Longest Filibuster in History Goes To Strom Thurmond
The late South Carolina Senator Strom Thurmond (S.C.) was so opposed to the Civil Rights Act of 1957 that before it finally passed, he filibustered it. But this was no ordinary rant. Thurmond held the floor from 8:54 pm on August 28 until 9:12 pm the next day. During the filibuster, he read aloud the Declaration of Independence and the Bill of Rights, among other historical documents.
Of course, Senate rules allow members to hold the floor as long as they can stand and remain talking. Floor speeches don't even have to be relevant to the matter at hand, as evidenced by Ted Cruz's reading of Dr. Seuss' Green Eggs and Ham in its entirety on the Senate floor Tuesday night.
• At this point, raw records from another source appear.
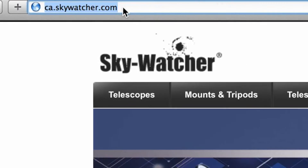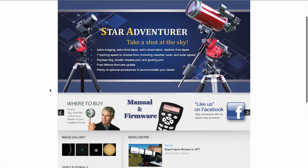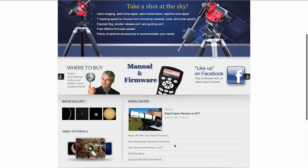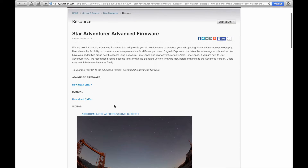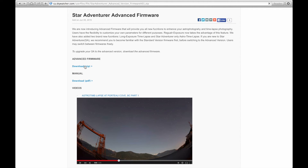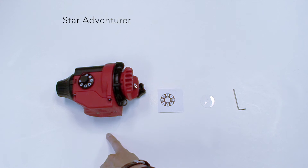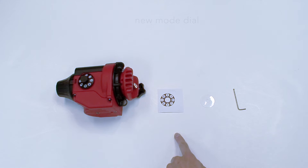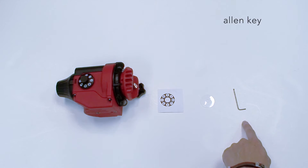To update your StarAdventure to the advanced version, download the advanced firmware from our website. Users can print out and replace the original mode dial pattern on the StarAdventure.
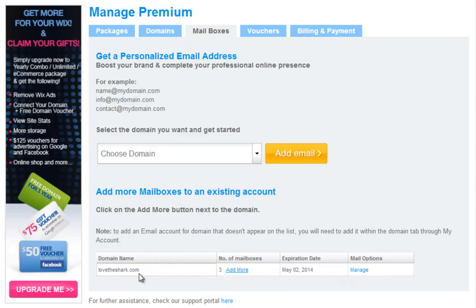To sign in to your Google Apps email, go back to your Mailboxes tab. Next to your domain, under Mail Options, click Manage.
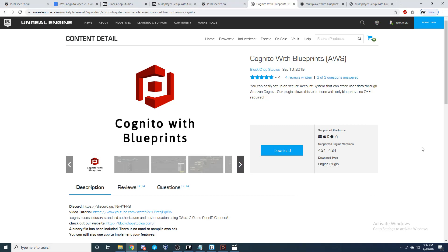Hey everyone, today I'm going to be showing you how to set up a user account system with industry standard authorization and authentication through OAuth 2.0 and OpenID Connect using only blueprints, no C++ required.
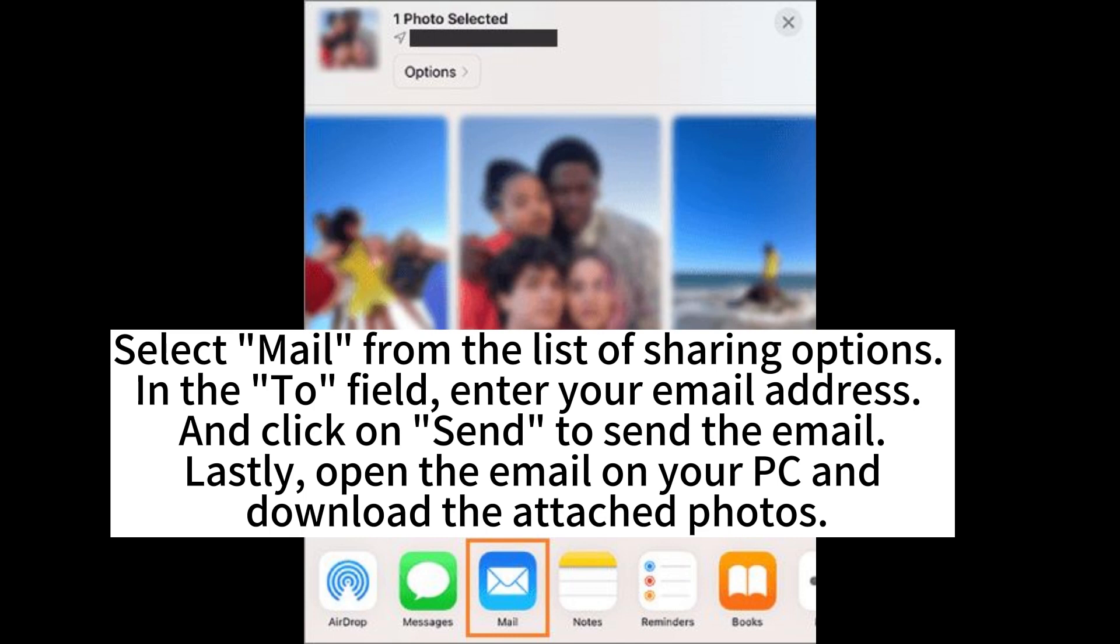In the To field, enter your email address and click on Send to send the email. Lastly, open the email on your PC and download the attached photos.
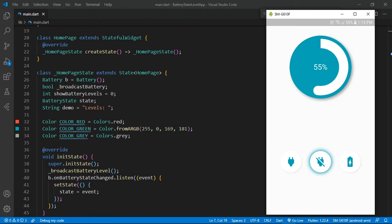But we have a solution for your problem. In this video, you will learn how to achieve the functionality to get battery level values every five seconds. We will create something like a stream which will give you the battery level value every five seconds and update our progress bar as per the value.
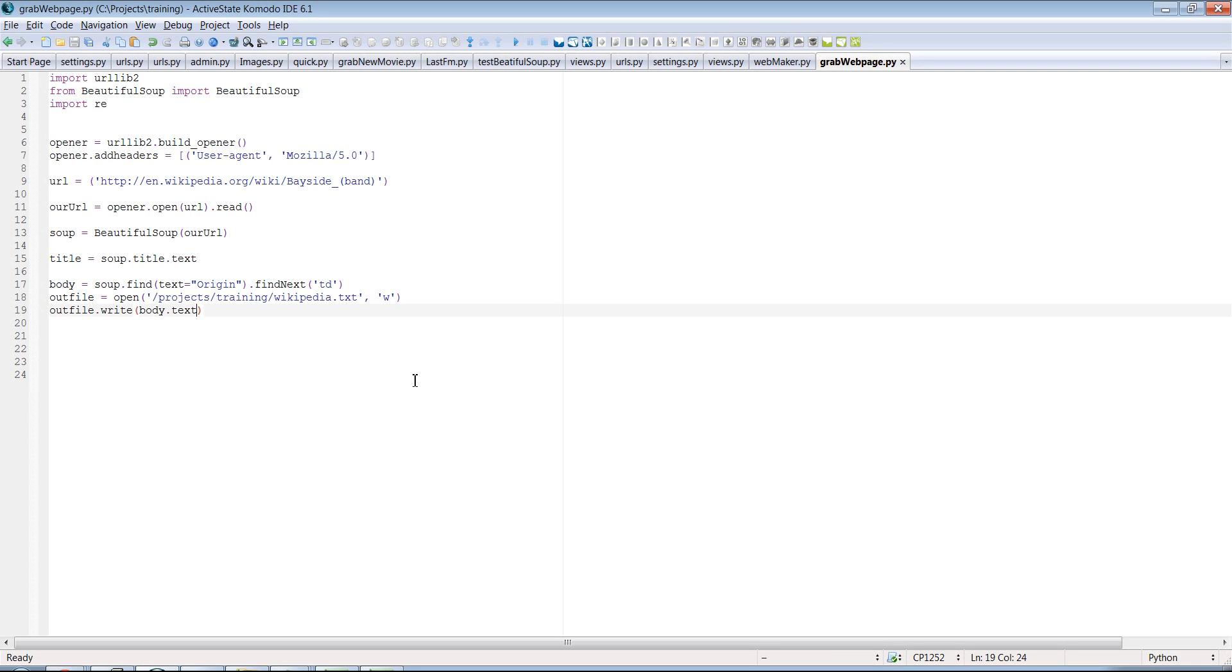Alright guys, in this next video, I want to show you how we can grab all the links on a particular web page.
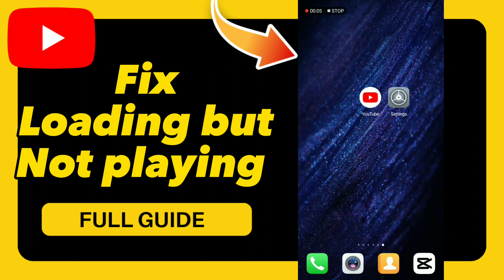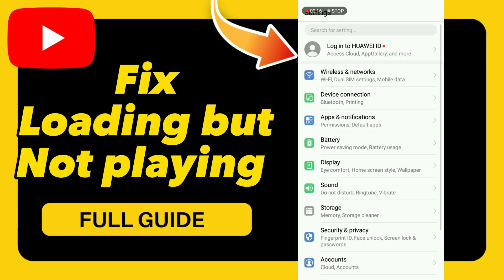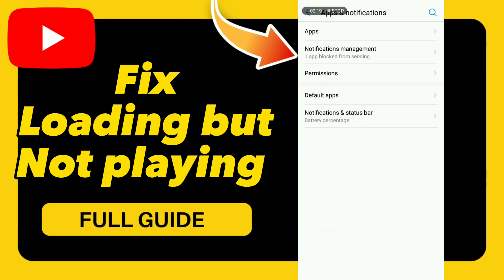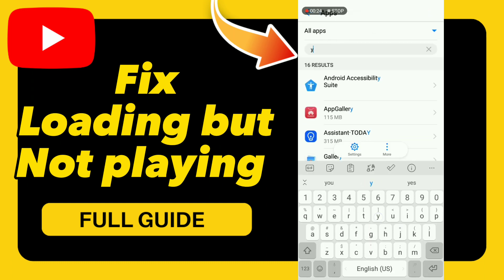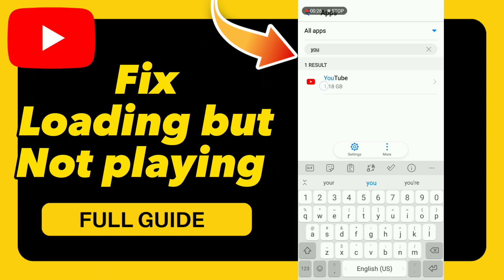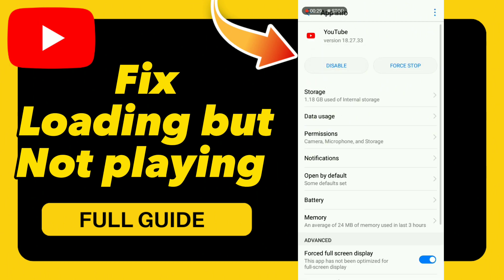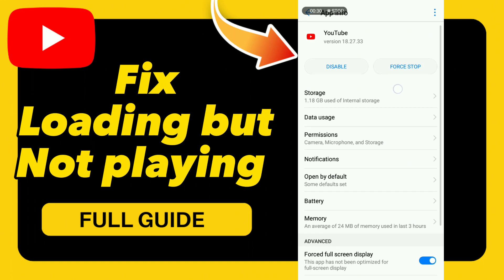How to fix YouTube loading but not playing. First, go to Settings, click Apps and Notifications, click Apps, and search for YouTube. Go to Force Stop, click OK.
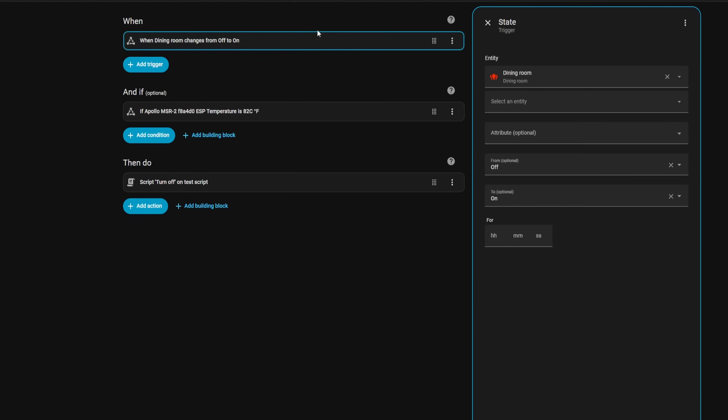The automation editor now has a sidebar that pops out when you add triggers, conditions, or actions.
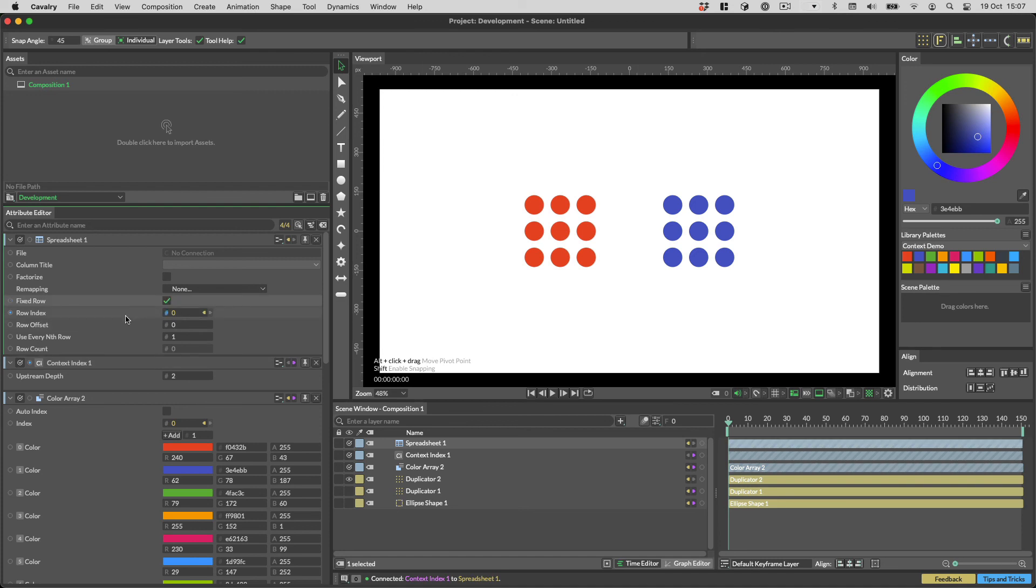Hopefully, this peek behind the curtain will help you with some of the more advanced Cavalry workflows. See you next time. Thanks, bye-bye.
However, Cruz is not really filibustering. The Senate is currently considering a procedural resolution on whether to debate Continuing Resolution 59, which was passed by the House. Each side of the aisle has been allotted 15 hours of speaking time and no more. So if Cruz hits the 15 hour mark for the GOP side, he must stop.
CR 59 is a Republican-passed resolution that would fund the federal government until December 15, but would defund Obamacare. That provision will be dead on arrival in the Democratic-controlled Senate.